_Records for the exercise_.

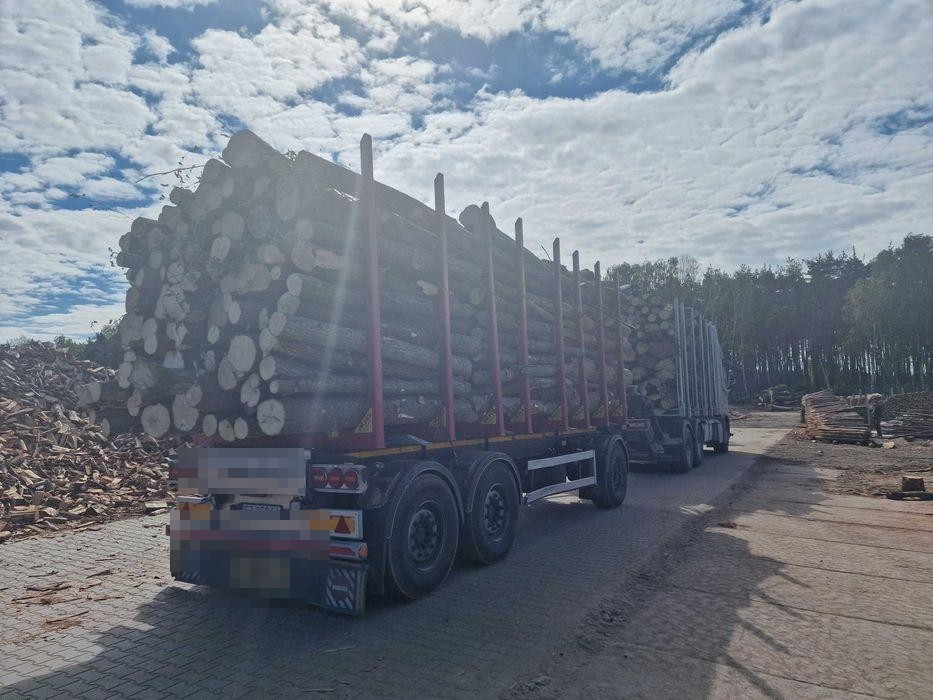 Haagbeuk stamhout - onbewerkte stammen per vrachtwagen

...

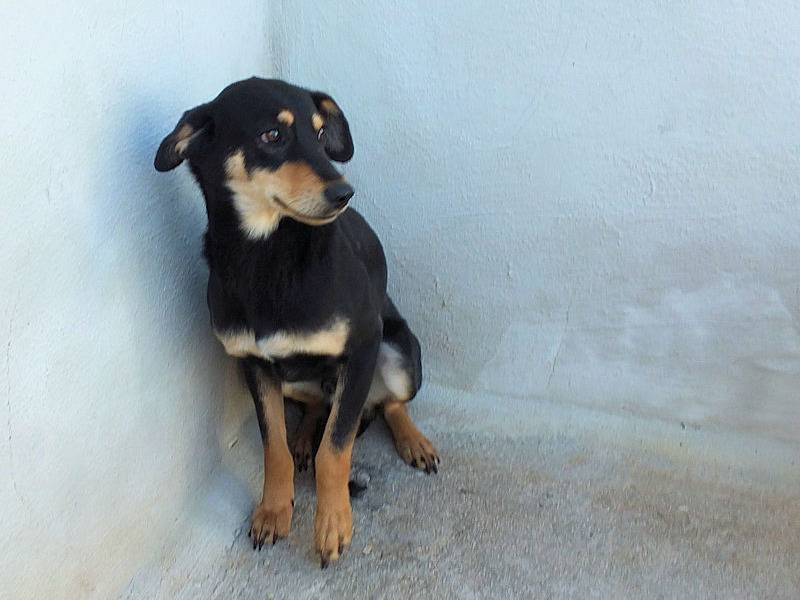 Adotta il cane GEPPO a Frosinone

* * *

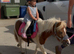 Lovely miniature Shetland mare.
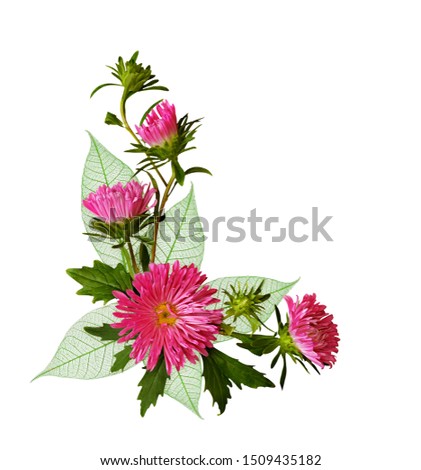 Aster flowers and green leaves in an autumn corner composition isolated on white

_What is required_.
Within the listing above, the lines starting at the one containing "Lovely miniature Shetland mare." and ending at the one containing "Aster flowers and" are to be returned exactly. Omit the pictures.

_Problem solution_.
 Lovely miniature Shetland mare.
 Aster flowers and green leaves in an autumn corner composition isolated on white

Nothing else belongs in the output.